Myth #4: Reciting how many other media interviews you've done impresses journalists, producers and editors. "One word: overexposed," says Karen Friedman, head of Karen Friedman Enterprises Inc., a media training firm in Blue Bell, Pennsylvania. Friedman says that most reporters are looking for fresh voices and ideas. "In many cases, if you rattle off that you've been quoted in The Wall Street Journal, The New York Times and on all the major networks recently, the reporter might think that you have nothing new to say on the topic or that your story's been 'done.'"
Instead, advises Friedman, say that you're an experienced interviewee to let the journalist know you're familiar with the interview process. That will likely make him or her more comfortable with you as a source. If you're asked for particular outlets in which you've been featured, then provide them.
Myth #5: A good news release is the best way to get media attention for your company. Suggest sending out a one-size-fits-all news release to Victoria D'Angelo, owner of D'Angelo Home Collections Inc., a $4.5 million home accessories designer, product developer and distributor in Orangeburg, New York, and she'll give you a passionate lesson in Marketing 101. "You can't send out one news release to the media any more than you can send out one set of options to customers and expect them to purchase your products," explains D'Angelo, 49. "A number of books give you the idea that you can print a magic flier and the world will respond. The generic approach is a waste of time."
D'Angelo has found more success with creating customized pitch letters for magazines and talking points for interviews. The secret, she says, is finding out which topics are of interest to the media and putting that information in the easiest format for the journalist to use. Says D'Angelo, "If you're not willing to do the homework, you can't expect great results."
Myth #6: Mention your company, product or book as often as possible. "This is one of the examples of media training gone haywire," says Friedman. "It's annoying when the expert mentions the name of the book in almost every sentence, and I'm convinced that it usually backfires." She advises mentioning the book when it's appropriate, trying for two or three mentions in a broadcast or one credit in a print piece.
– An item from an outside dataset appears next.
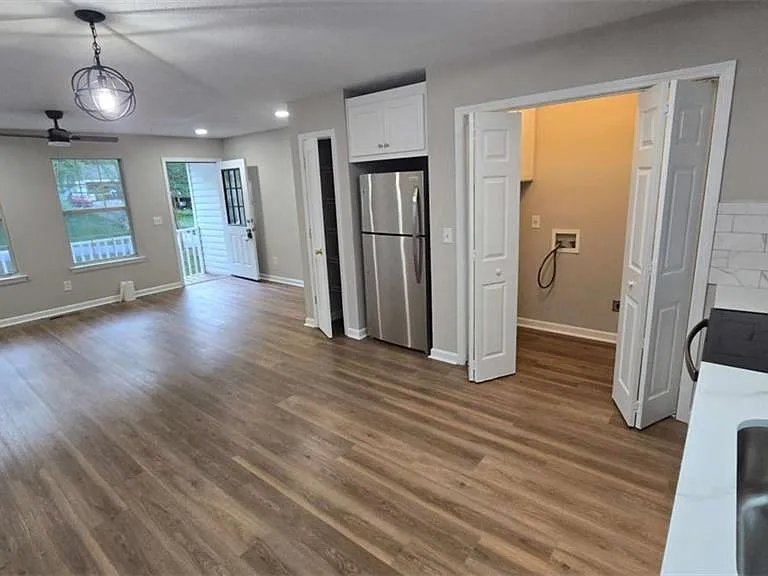 3025 Mangum Dr #A — Photo 13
Myth #7: Whenever you don't want something printed or broadcast, just say it's "off the record." Saying something is "off the record"--usually used when a source gives background information to put something in context and doesn't want it to be attributed--is risky because a journalist doesn't have to abide by it, says Laskin. "The truth is that reporters dig. That's what they should always do. If you're naive enough to give them sensitive information that shouldn't be shared publicly, you can't be sure they won't use it. If you say it, it's fair game."